Li Xiaobing1, Long Huiling2, Wang Hong1
1 State Key Laboratory of Earth Surface Processes and Resource Ecology, College of Resources Science and Technology, Beijing Normal University, Beijing, 100875, China;
2 Beijing Research Center for Information Technology in Agriculture, Beijing Academy of Agriculture and Forestry Sciences, Beijing, 100097, China.

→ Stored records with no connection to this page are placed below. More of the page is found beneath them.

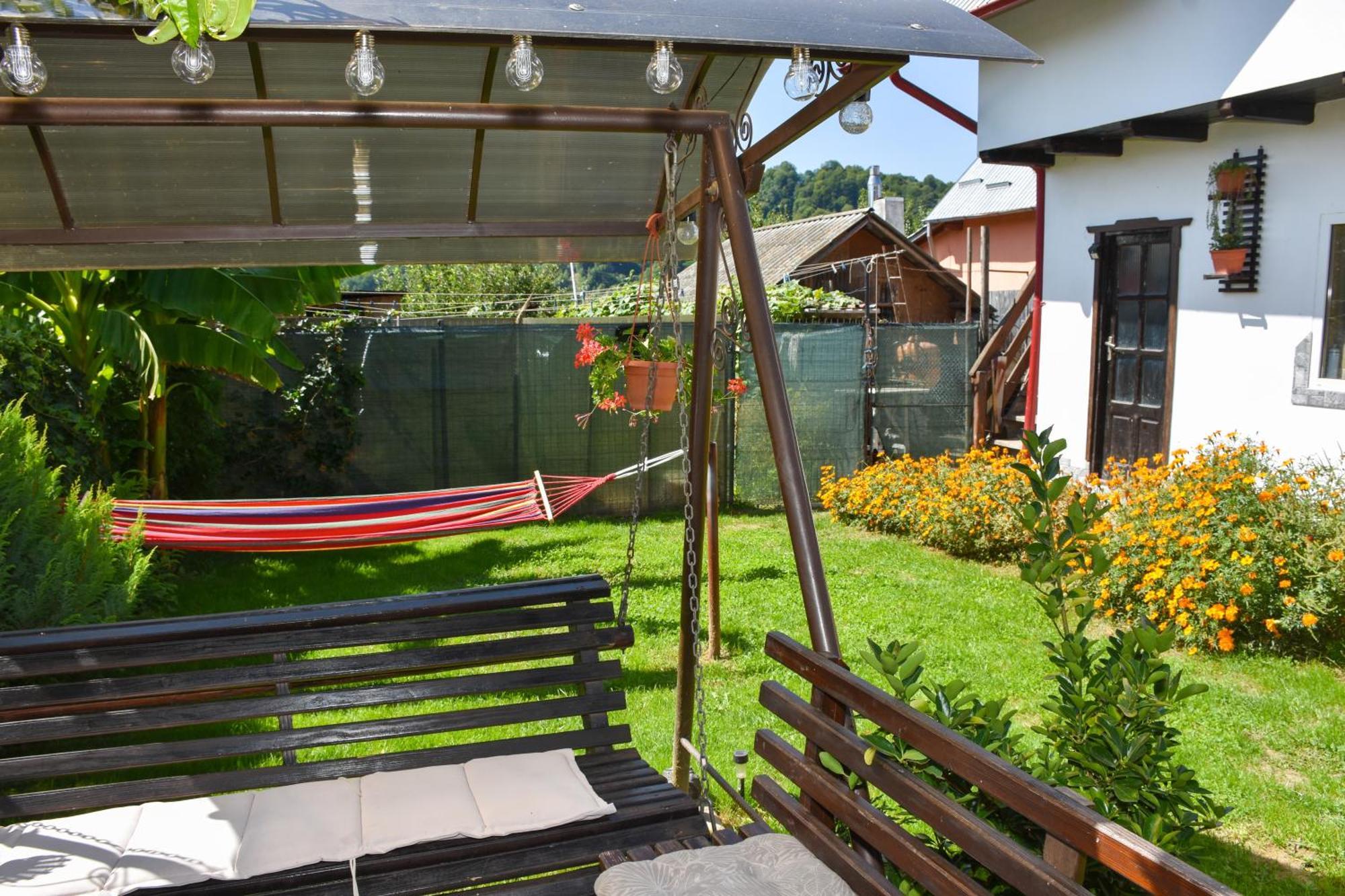 Casa Diana-Maria Lägenhet Curtea de Argeş Exteriör bild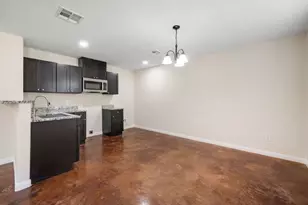 1126 N 11th St, Waco, TX 76707 - Photo 4
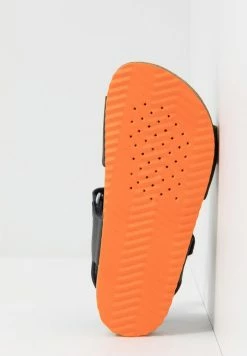 Geox GHITA BOY - Sandales - Navy 11 Geox GHITA BOY - Sandales - Navy -Pas Cher Geox Boutique d8264666468341e2996ba91ad240e98c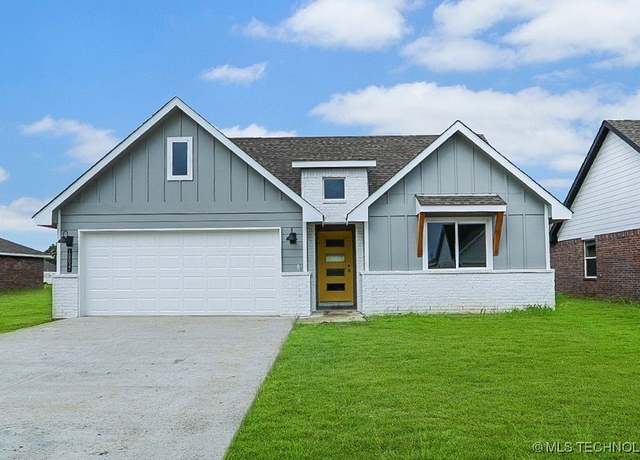 Property at 10037 E 132nd St S, Bixby, OK 74014, 4 beds, 2 baths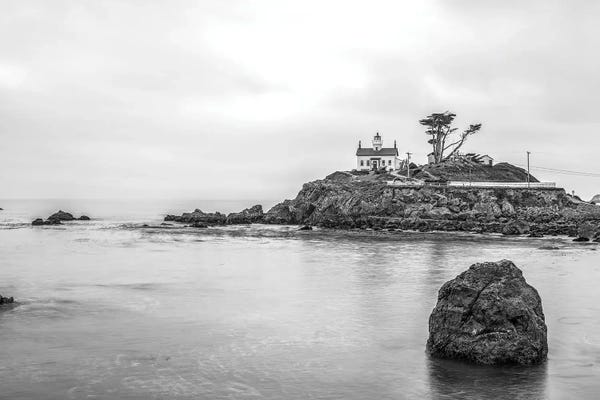Battery Point Lighthouse - Classic Coastal Monochrome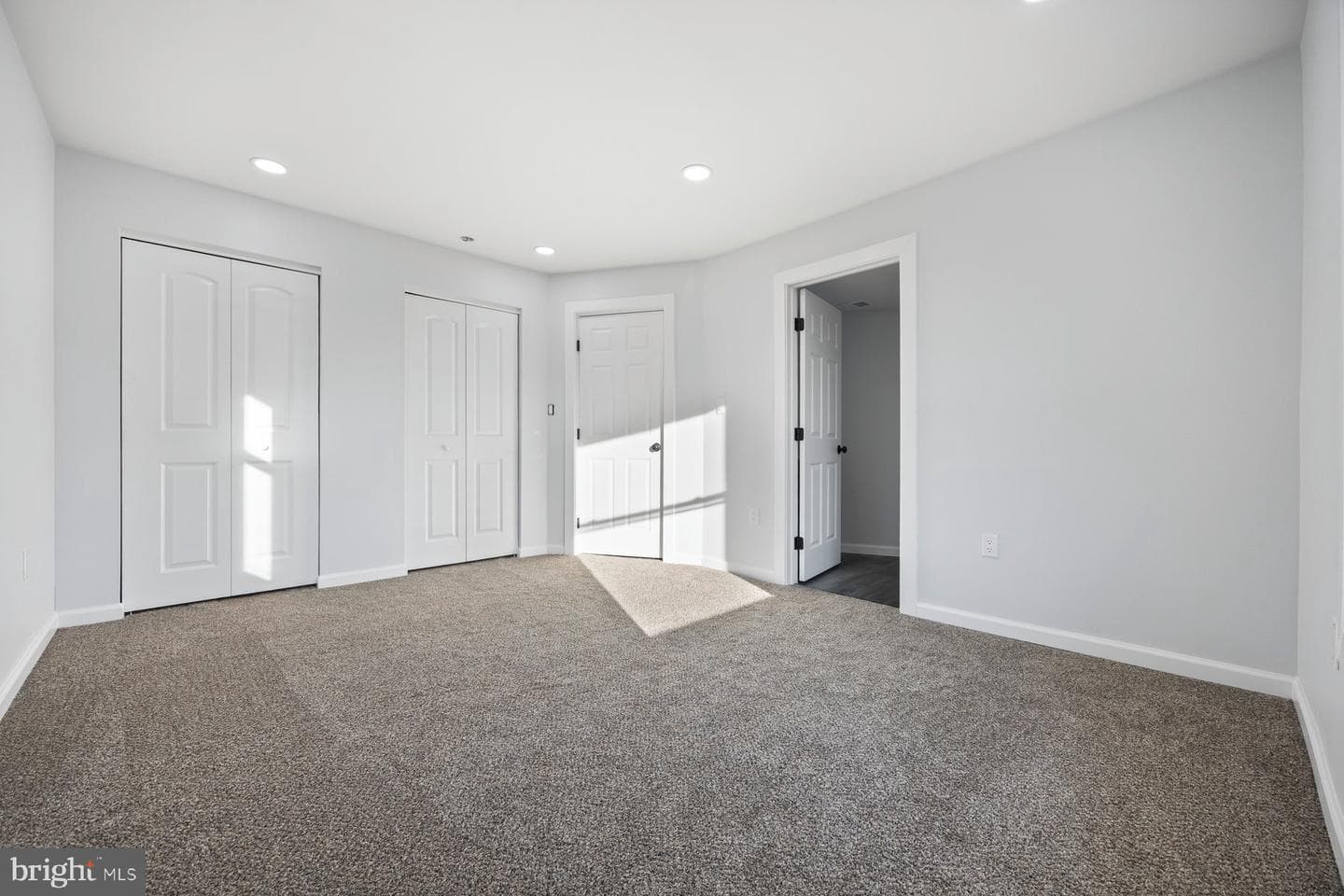 2920 E Northern Parkway photo 23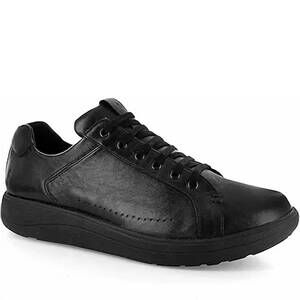NEW STRIVE women's dakota lace-up sneakers in black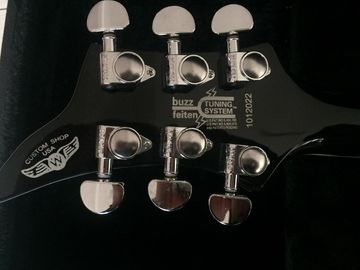 Wash6 cuerdas anormalidad de la firma modelo de la guitarra eléctrica espejo pickguard Grover sintonizador guitarra personalizada negro brillante proveedor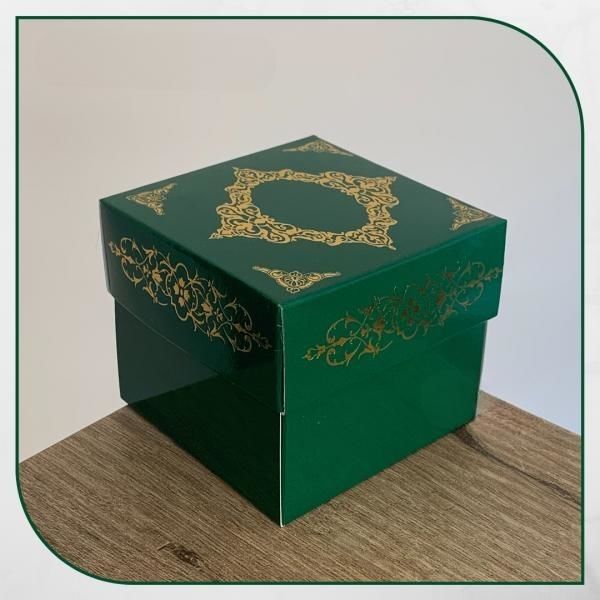 8x8x6,5 YEŞİL ÜZERİNE GOLD SARAY DESENLİ KOMPLE KARTON KUTU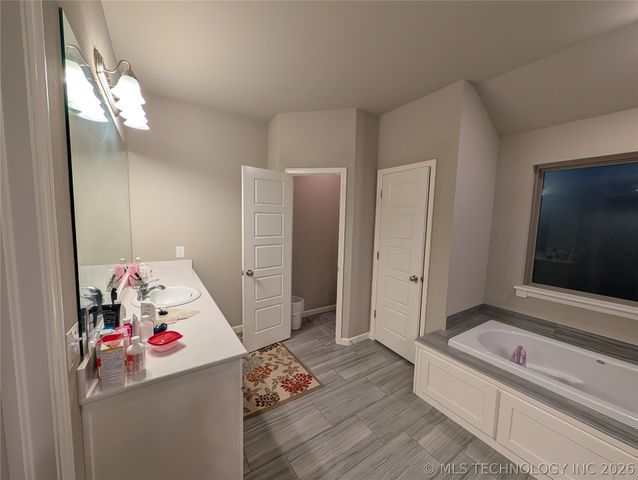 744 E 139th Place, Glenpool, OK 74033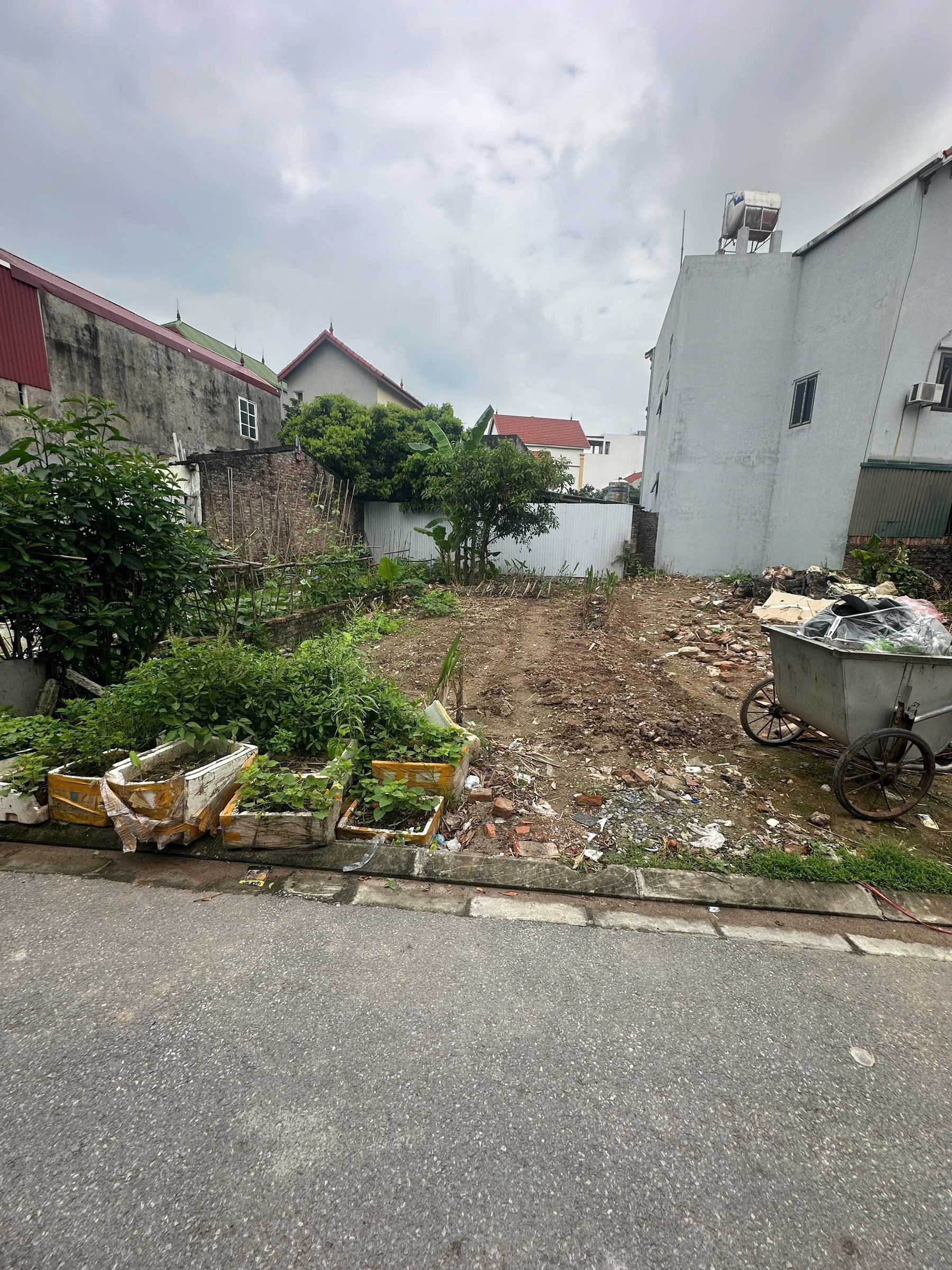 Nhỉnh 4 tỷ có ngay mảnh đất 55m2 ở Đa Tốn, đường ô tô 7 chỗ vào đất.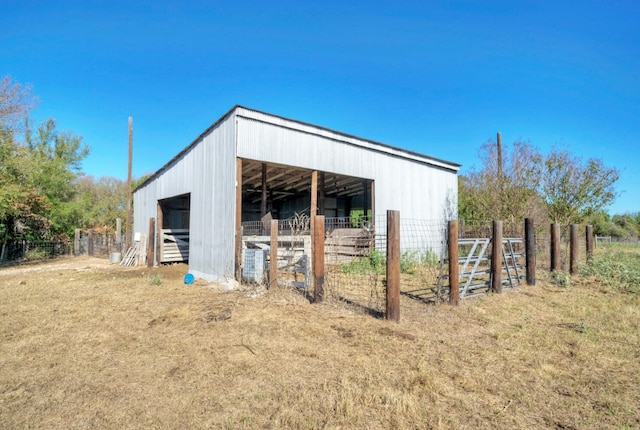 view of outdoor structure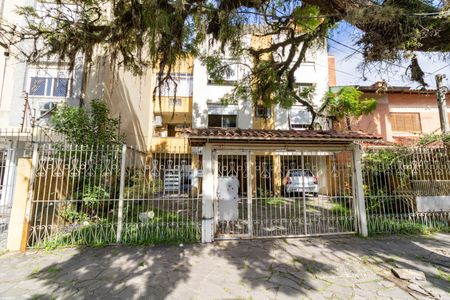 Apartamento à venda com 170m², 2 quartos e 1 vaga Apartamento à venda com 170m², 2 quartos e 1 vagaFachada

Abstract: Changes of key parameters of vegetation are essential indicators of ecosystem and global change. Hyperspectral data, as a powerful tool to estimate vegetation parameters, needs to be used more efficiently and effectively, especially in the aspect of massive information extraction. The objectives of the present study were to provide guidance on how to select the optimal subset of hyperspectral data to improve the accuracy of estimating vegetation cover using hyperspectral data measured in the field, and to compare the predictive ability of several estimation models. Based on the field-measured hyperspectral curves for completely covered land, bare soil, and the vegetation canopy, we used vegetation cover data obtained by analyzing digital camera photos and different vegetation indices to calculate the accuracy of estimation of vegetation cover by the different models and we discuss differences among the models. We found the most accurate estimate of vegetation cover in our study area using a single optimal combination of wavelengths based on MSAVI2 indices and the semi-empirical model proposed by Gutman and Ignatov.
Keywords: Vegetation cover; Hyperspectrum; Field measurement; Wavelength selection.
Published in International Journal of Agriculture & Biology. 2013, 15(2): 285-290.